I don't know how I never noticed these before in stores. They look like a cross between grubs and tubes. Anyone else try these out? These will definitely be easier to Texas rig than a tube too.


----------



## z3bul0n (Jul 25, 2014)

have seen in stores but never purchased, let me know how you like them. seems like a solid body tube basically. looks like its be a better Texas rigged than a regular tube, keep me posted how you do with them, I love some yamamoto senkos.


----------



## BuzzBait Brad (Oct 17, 2014)

z3bul0n said:


> have seen in stores but never purchased, let me know how you like them. seems like a solid body tube basically. looks like its be a better Texas rigged than a regular tube, keep me posted how you do with them, I love some yamamoto senkos.


I will for sure. I have never had anything bite on my senkos. I must be fishing them wrong.


----------



## Bassbme (Mar 11, 2012)

Tubes are real easy to Texas rig if you use the right hook. For the best tube hook on the planet, and one that makes Texpose rigging a tube easy, is the Trokar TK190. The size you use will depend on the size tube you're using.

For a good hook to Texpose rig tubes that isn't quite as expensive as the Trokar, give the Shaw Grigsby HP hook a try. It's a real good hook as well. Once again, tube size determines hook size.

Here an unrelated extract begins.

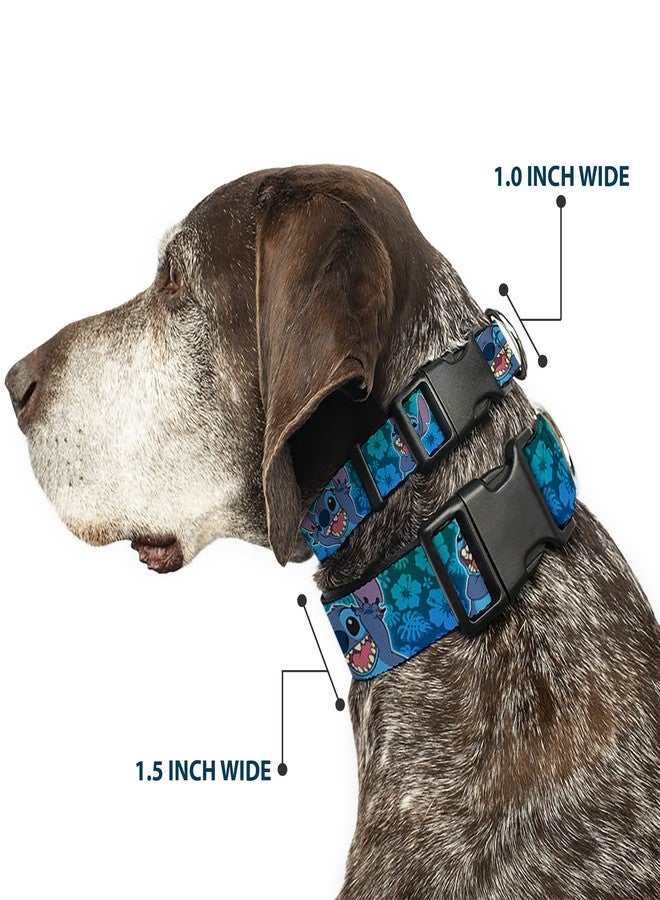 Buckle Down Buckle-Down Plastic Clip Collar - Stitch Expressions/Hibiscus Collage Green-Blue Fade - 1" Wide - Fits 11-17" Neck - Medium - Image 2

I'm sure the Ika is a good bait, and it having a solid body could be an advantage at times, but an actual tube bait has major advantages over the Ika. Being hollow means the tube's body collapses, making your hook gap much more effective. I feel you can also use at least 1 size smaller hook because the body collapses as well. You can insert a round plastic rattle in a tube, you can squirt scent inside the tube, you can put Alka Seltzer inside so it fizzes.

Lots of advantages to a tube bait. You just need to use the right hook


----------



## BuzzBait Brad (Oct 17, 2014)

Bassbme said:


> Tubes are real easy to Texas rig if you use the right hook. For the best tube hook on the planet, and one that makes Texpose rigging a tube easy, is the Trokar TK190. The size you use will depend on the size tube you're using.
> 
> For a good hook to Texpose rig tubes that isn't quite as expensive as the Trokar, give the Shaw Grigsby HP hook a try. It's a real good hook as well. Once again, tube size determines hook size.
> 
> ...


Oh I know. I like tube baits, but these just grabbed my attention because of the grub looking body. I love using grubs. I go through a ton of tube baits when Texas rigging


----------



## Bassbme (Mar 11, 2012)

Oh ok, I thought maybe you didn't Texas rig tubes based on your original post.

My bad


----------



## BuzzBait Brad (Oct 17, 2014)

Bassbme said:


> Oh ok, I thought maybe you didn't Texas rig tubes based on your original post.
> 
> My bad


Oh, nah. I just suck at wording things.


----------



## Bad Bub (Jan 17, 2006)

Check out the damiki hydra. Same basic concept, but the tentacles float, and it has a molded in slot that helps the hookup ratio.


----------



## z3bul0n (Jul 25, 2014)

BuzzBait Brad said:


> I will for sure. I have never had anything bite on my senkos. I must be fishing them wrong.



I usually flip my senkos by wood or rock and just kinda pop them off the bottom. always gets hit on the fall for me. keep trying them you'll have success eventually. a senko is my favorite bait right now.


----------